> Work instructions: Every line of the material below, from the top through the line with "Round Moissanite Halo", should be reproduced exactly.

Recorded data: Begin

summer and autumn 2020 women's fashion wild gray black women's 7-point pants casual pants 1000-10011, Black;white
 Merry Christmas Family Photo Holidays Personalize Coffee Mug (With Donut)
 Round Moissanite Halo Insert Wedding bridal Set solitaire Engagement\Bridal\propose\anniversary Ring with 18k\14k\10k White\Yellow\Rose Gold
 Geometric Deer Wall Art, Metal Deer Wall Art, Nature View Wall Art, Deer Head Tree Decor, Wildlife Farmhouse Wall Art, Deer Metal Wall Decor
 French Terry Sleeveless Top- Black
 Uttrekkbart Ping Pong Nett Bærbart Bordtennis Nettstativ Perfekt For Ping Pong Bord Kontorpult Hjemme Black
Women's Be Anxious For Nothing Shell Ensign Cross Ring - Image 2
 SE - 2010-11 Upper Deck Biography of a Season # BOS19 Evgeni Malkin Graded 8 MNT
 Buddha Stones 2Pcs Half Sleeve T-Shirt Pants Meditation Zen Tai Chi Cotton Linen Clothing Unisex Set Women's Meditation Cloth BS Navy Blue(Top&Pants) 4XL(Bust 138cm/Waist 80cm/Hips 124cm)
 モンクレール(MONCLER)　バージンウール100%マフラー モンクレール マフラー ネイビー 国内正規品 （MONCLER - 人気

Recorded data: End

> Exercise solution:
summer and autumn 2020 women's fashion wild gray black women's 7-point pants casual pants 1000-10011, Black;white
 Merry Christmas Family Photo Holidays Personalize Coffee Mug (With Donut)
 Round Moissanite Halo Insert Wedding bridal Set solitaire Engagement\Bridal\propose\anniversary Ring with 18k\14k\10k White\Yellow\Rose Gold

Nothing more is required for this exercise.